Restate the listing below word for word, omitting any images.

### DATA ###

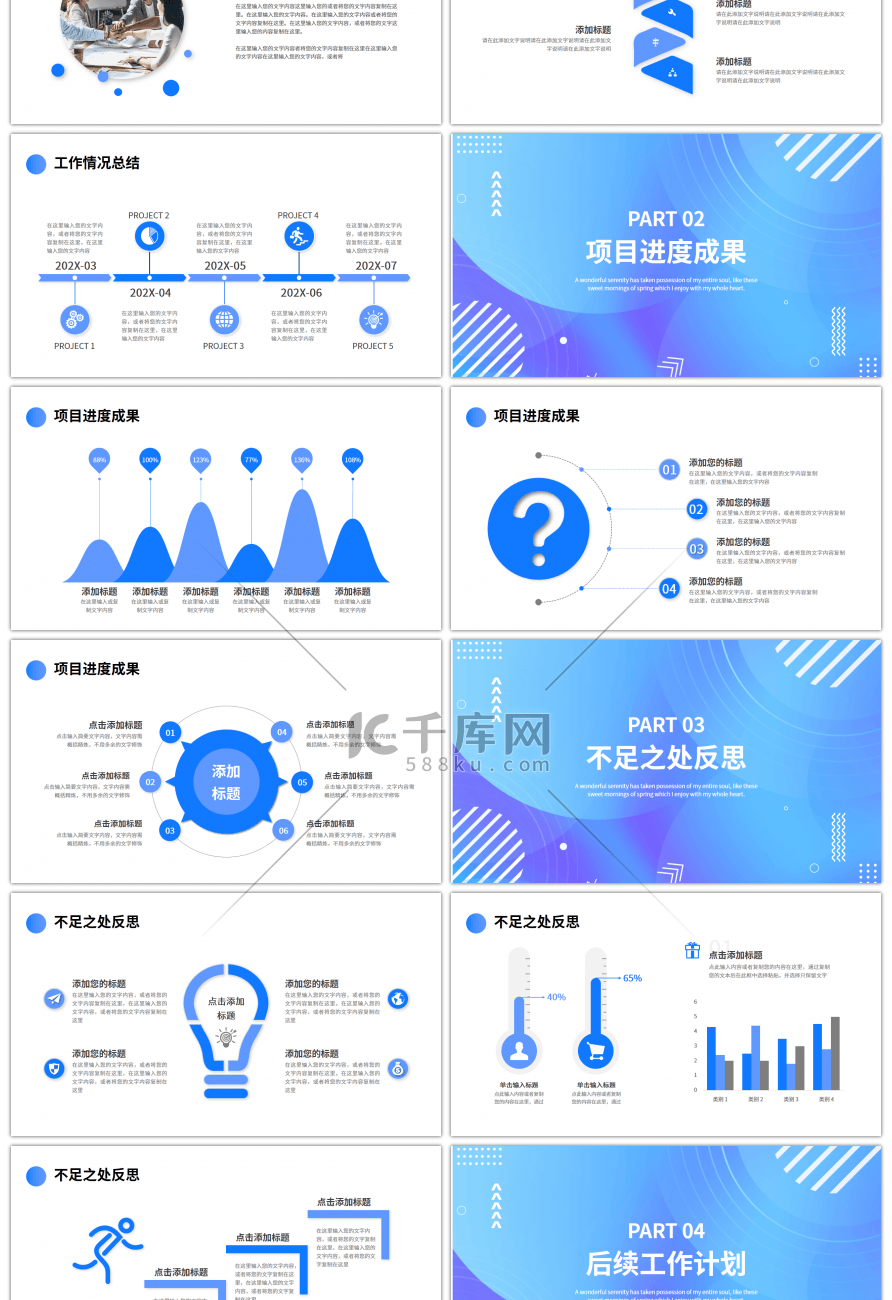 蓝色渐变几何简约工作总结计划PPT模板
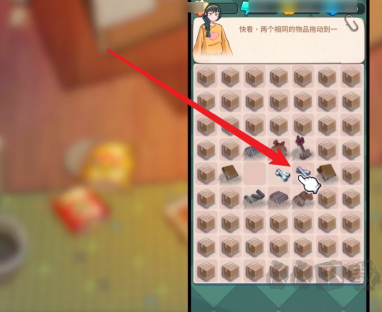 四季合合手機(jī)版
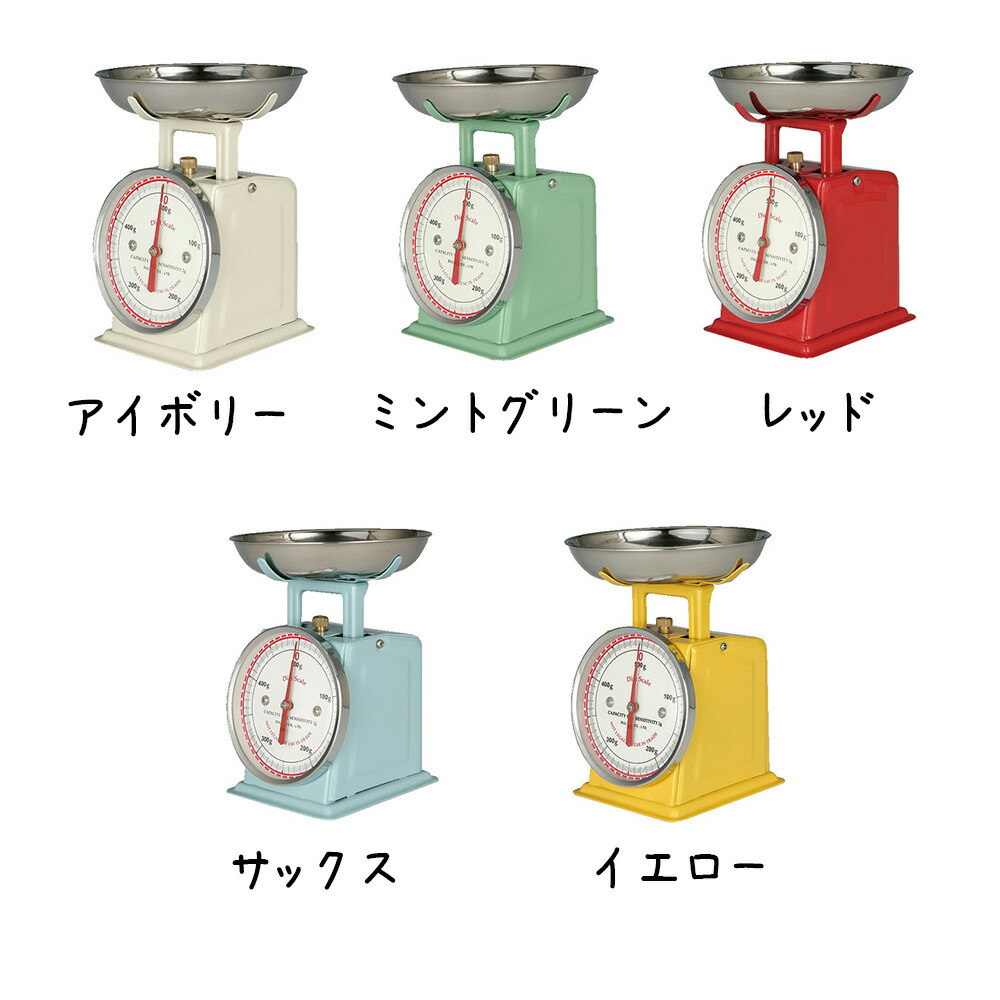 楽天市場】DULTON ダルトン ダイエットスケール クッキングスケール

###

▸ **RESPONSE TO THIS TASK**:
 蓝色渐变几何简约工作总结计划PPT模板
 四季合合手機(jī)版
 楽天市場】DULTON ダルトン ダイエットスケール クッキングスケール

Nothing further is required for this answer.